A reboque, o ciúme é possivelmente a chave mais explícita de rejeição dos afetos em jogo na estrutura monogâmica, apontando, conforme dizem, diretamente para a pretensão – do capitalismo introjetado na estrutura das nossas relações – de posse sobre o corpo do outro. Seria o ciumento aquele que, tendo constatado, no ser dito amado, a presença de outras ligações desejantes que não concernem a ele ou não o tocam de todo, irá reagir com angústia? Ou apenas aquele que irá atuar a partir da angústia no sentido de reivindicar mais controle na relação, mais proteção aparente contra a inaceitabilidade de que o desejo do outro é, no fim das contas, algo que o próprio outro controla muito precariamente?

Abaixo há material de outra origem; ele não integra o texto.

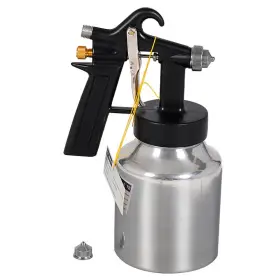 Stat101001 Stealth Low Pressure Spray Gun 1/4 Inch Air Inlet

O ciúmes não é algo contra o qual se imuniza

Creio que para iniciar este debate, devemos estabelecer que o ciúme não é algo contra o qual se imuniza – contrariando certa aura higienista de purificação de seres iluminados pelo pensamento decolonial –, mas um evento afetivo presente em todas as relações em que a consideração pelo outro está envolvida. Há muito, por exemplo, de sugestão de que nossa ética amorosa está enraizada na cultura romântica do casal (heterossexual cisgênero) como entidade superior na linha da vida de um ente. O que é verdade. 

O que não é verdade é que a sugestão de um ideal menos verticalizado, por exemplo a ética da amizade, sirva de substituto normativo para o ideal romântico de modo a eliminar o ciúme da cena do desejo que costura as relações. Da mesma forma que ocorre com a inveja, o ciúme é um dos precipitados dos primeiros experimentos infantis com o universo das dores e delícias dos laços amistosos/amorosos. Levante as mãos em protesto quem ouse dizer que crianças não sintam ciúmes de seus pares que arriscam ser mais “chegados” a outros.

O fato é que essa mesma ética em suas tessituras estruturais não está ausente da nossa própria subjetivação, quer se chame de capitalista, patriarcal, heterossexista ou o que o valha. Atentos então ao quanto a psicanálise chama a atenção para a ambivalência dos afetos, devemos reconhecer que o ciúme – para o próprio ciumento – sempre traz uma contraparte de desejo, e não apenas o desejo de eliminar o outro do campo desejante do ser amado para seu monopólio exclusivo. 

Por isso a ideia de compersão – que além de ser um vocábulo horroroso também é um ideal higienista muito estranho: este de se regozijar quando o ser amado se deleita com outros seres amados/desejados – nos parece tão bizarra. Não especificamente porque se contentar com o contentamento do outro seja impossível – obviamente não é –, mas porque ele tira de cena artificialmente a complexidade dos mecanismos desejantes do ciúme e do que nele há de agressivo, violento e também, sem contradições, de amoroso.

Erotizar, no ato e no verbo, o fato de que sempre irá haver um terceiro ao qual eu não conheço, não posso conhecer, mas permanentemente me servirá de rival, de limite externo para além dos muros que ilusoriamente cerco meus territórios amorosos parece um ideal bastante mais excitante e, enquanto novos mundos pós-revolucionários não forem constituídos, muito mais possível.